### Required work
Please copy, exactly and with no pictures, only the lines from the one containing "B&B da Choco, Vitulano" through the last line of the records.

### Source records

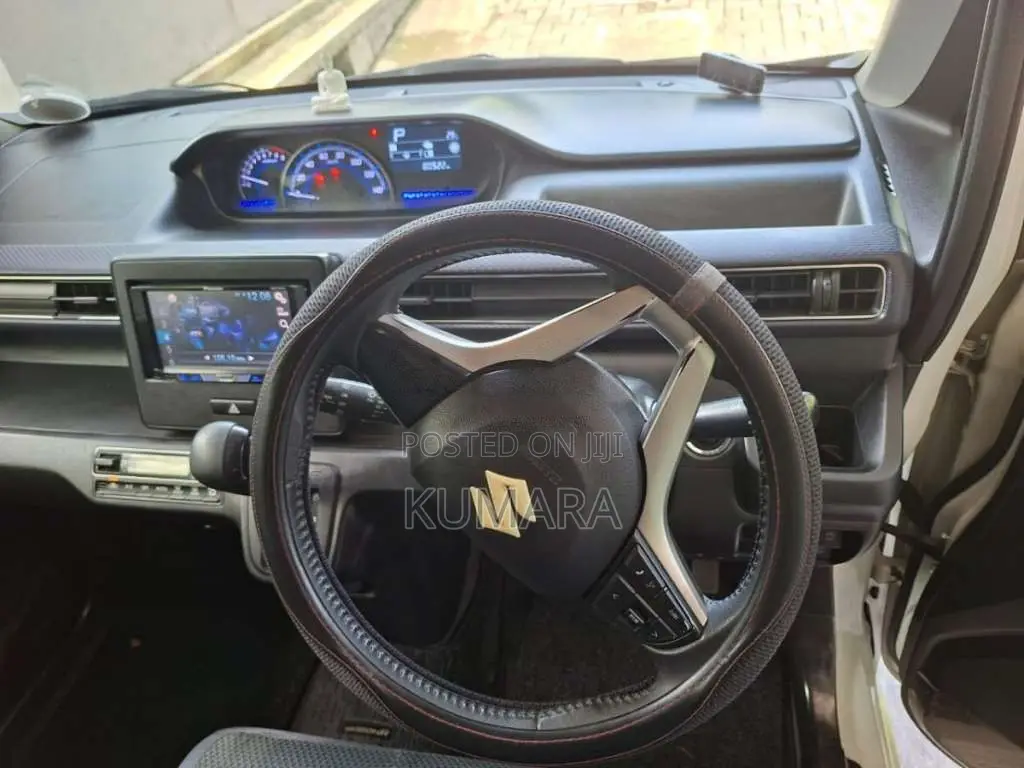 Suzuki Wagon R Fz Premium 2018 Car (Used)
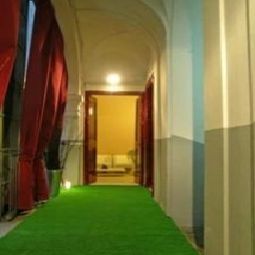 Vue intérieure B&B Dei Decumani Fotos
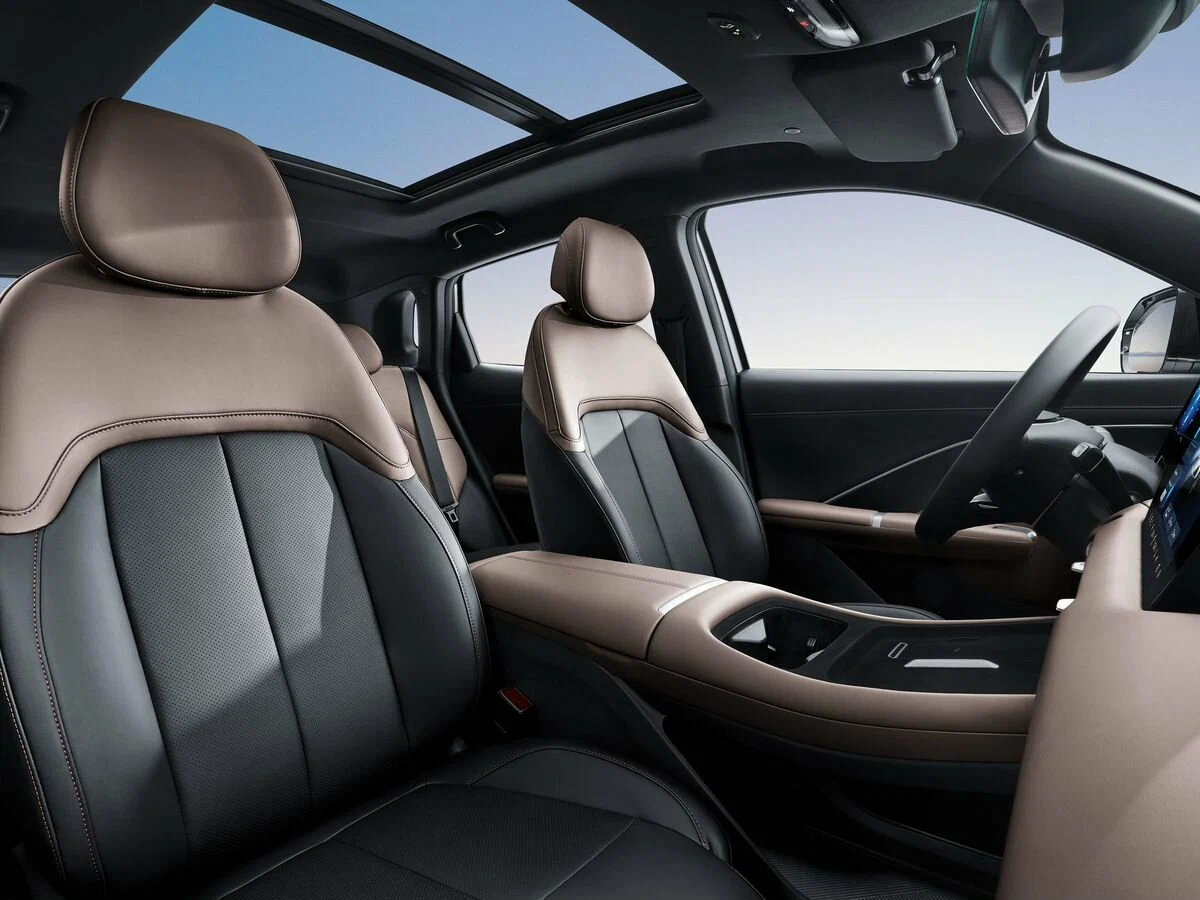 Changan Uni S CS55PLUS
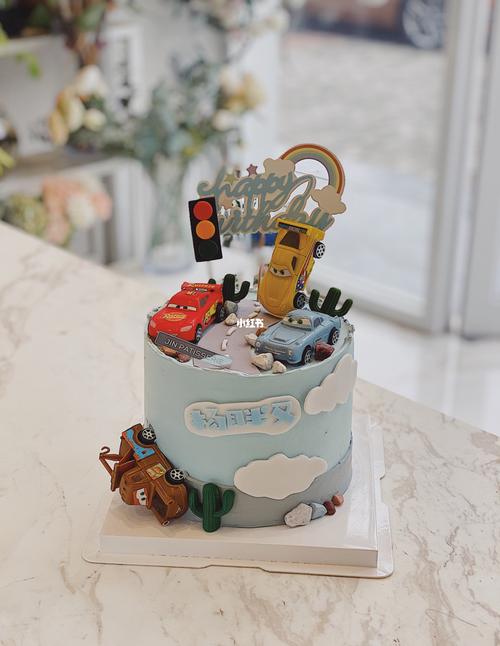 男生/男士生日蛋糕_生日蛋糕_甜品店_蛋糕_美食_美食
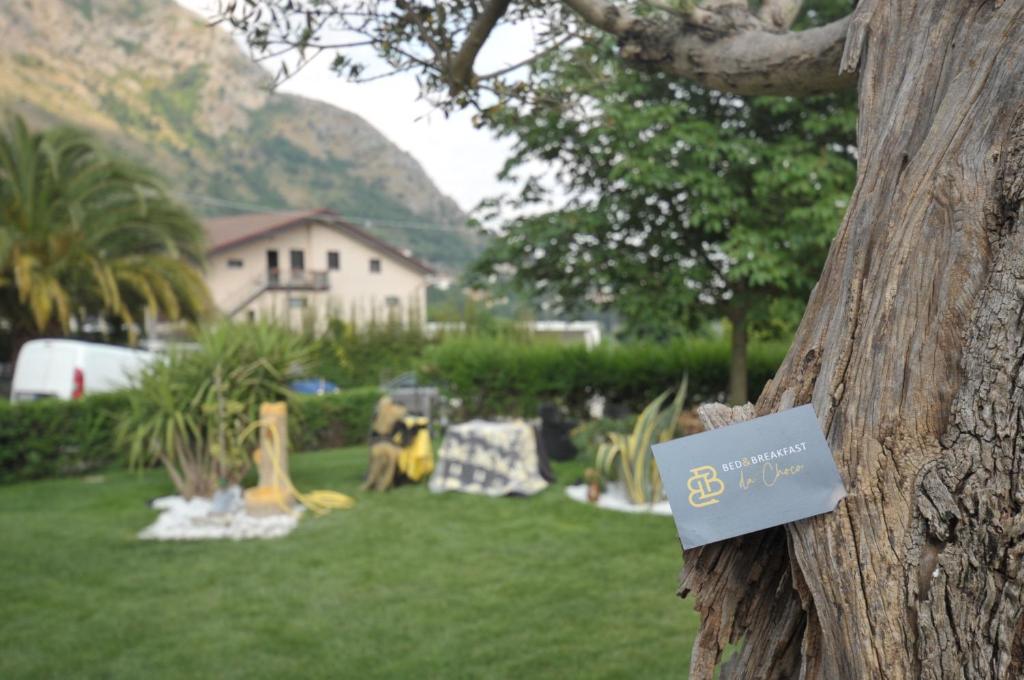 B&B da Choco, Vitulano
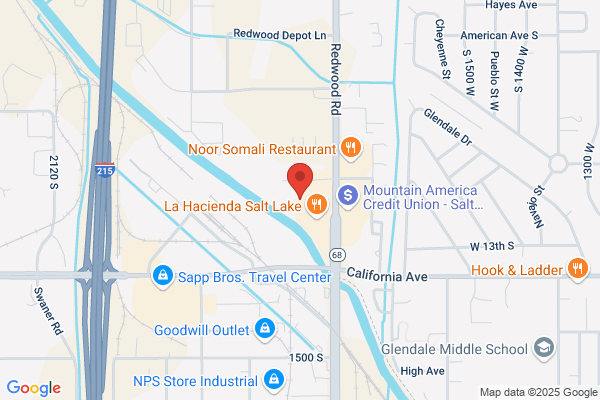 Utah Health Center | Salt Lake City Accident Chiropractor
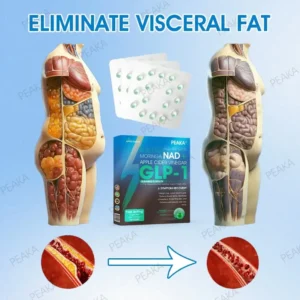 𝐎𝐟𝐟𝐢𝐜𝐢𝐚𝐥 𝐀𝐮𝐭𝐡𝐨𝐫𝐢𝐳𝐞𝐝 𝐒𝐭𝐨𝐫𝐞 – 𝐏𝐄𝐀𝐊𝐀® 𝐆𝐋𝐏-𝟏 𝐒𝐥𝐢𝐦𝐦𝐢𝐧𝐠 & 𝐇𝐞𝐚𝐥𝐭𝐡 𝐔𝐥𝐭𝐫𝐚 𝐂𝐨𝐧𝐜𝐞𝐧𝐭𝐫𝐚𝐭𝐞𝐝 𝐄𝐬𝐬𝐞𝐧𝐜𝐞 𝐋𝐢𝐪𝐮𝐢𝐝 𝐏𝐞𝐚𝐫𝐥𝐬 – 𝐍𝐀𝐃+ 𝐌𝐨𝐫𝐢𝐧𝐠𝐚 & 𝐀𝐂𝐕 & 𝐊𝐞𝐭𝐨 𝐁𝐇𝐁 (✅𝐬𝐩𝐞𝐞𝐝𝐲, 𝐥𝐨𝐧𝐠-𝐥𝐚𝐬𝐭𝐢𝐧𝐠, 𝐚𝐝𝐝𝐫𝐞𝐬𝐬𝐢𝐧𝐠 𝐝𝐢𝐚𝐛𝐞𝐭𝐞𝐬, 𝐨𝐛𝐞𝐬𝐢𝐭𝐲, 𝐚𝐧𝐝 𝐜𝐚𝐫𝐝𝐢𝐨𝐯𝐚𝐬𝐜𝐮𝐥𝐚𝐫 𝐝𝐢𝐬𝐞𝐚𝐬𝐞𝐬) – ⚡𝐃𝐞𝐯𝐞𝐥𝐨𝐩𝐞𝐝 𝐛𝐲 𝐭𝐡𝐞 𝐎𝐛𝐞𝐬𝐢𝐭𝐲 𝐒𝐨𝐜𝐢𝐞𝐭𝐲🌿💖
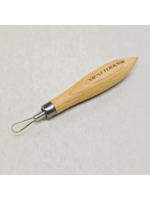 Xiem Tools Small Loop Titanium-Fused Trimming Tool TFT19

### Exercise result
 B&B da Choco, Vitulano
 Utah Health Center | Salt Lake City Accident Chiropractor
 𝐎𝐟𝐟𝐢𝐜𝐢𝐚𝐥 𝐀𝐮𝐭𝐡𝐨𝐫𝐢𝐳𝐞𝐝 𝐒𝐭𝐨𝐫𝐞 – 𝐏𝐄𝐀𝐊𝐀® 𝐆𝐋𝐏-𝟏 𝐒𝐥𝐢𝐦𝐦𝐢𝐧𝐠 & 𝐇𝐞𝐚𝐥𝐭𝐡 𝐔𝐥𝐭𝐫𝐚 𝐂𝐨𝐧𝐜𝐞𝐧𝐭𝐫𝐚𝐭𝐞𝐝 𝐄𝐬𝐬𝐞𝐧𝐜𝐞 𝐋𝐢𝐪𝐮𝐢𝐝 𝐏𝐞𝐚𝐫𝐥𝐬 – 𝐍𝐀𝐃+ 𝐌𝐨𝐫𝐢𝐧𝐠𝐚 & 𝐀𝐂𝐕 & 𝐊𝐞𝐭𝐨 𝐁𝐇𝐁 (✅𝐬𝐩𝐞𝐞𝐝𝐲, 𝐥𝐨𝐧𝐠-𝐥𝐚𝐬𝐭𝐢𝐧𝐠, 𝐚𝐝𝐝𝐫𝐞𝐬𝐬𝐢𝐧𝐠 𝐝𝐢𝐚𝐛𝐞𝐭𝐞𝐬, 𝐨𝐛𝐞𝐬𝐢𝐭𝐲, 𝐚𝐧𝐝 𝐜𝐚𝐫𝐝𝐢𝐨𝐯𝐚𝐬𝐜𝐮𝐥𝐚𝐫 𝐝𝐢𝐬𝐞𝐚𝐬𝐞𝐬) – ⚡𝐃𝐞𝐯𝐞𝐥𝐨𝐩𝐞𝐝 𝐛𝐲 𝐭𝐡𝐞 𝐎𝐛𝐞𝐬𝐢𝐭𝐲 𝐒𝐨𝐜𝐢𝐞𝐭𝐲🌿💖
 Xiem Tools Small Loop Titanium-Fused Trimming Tool TFT19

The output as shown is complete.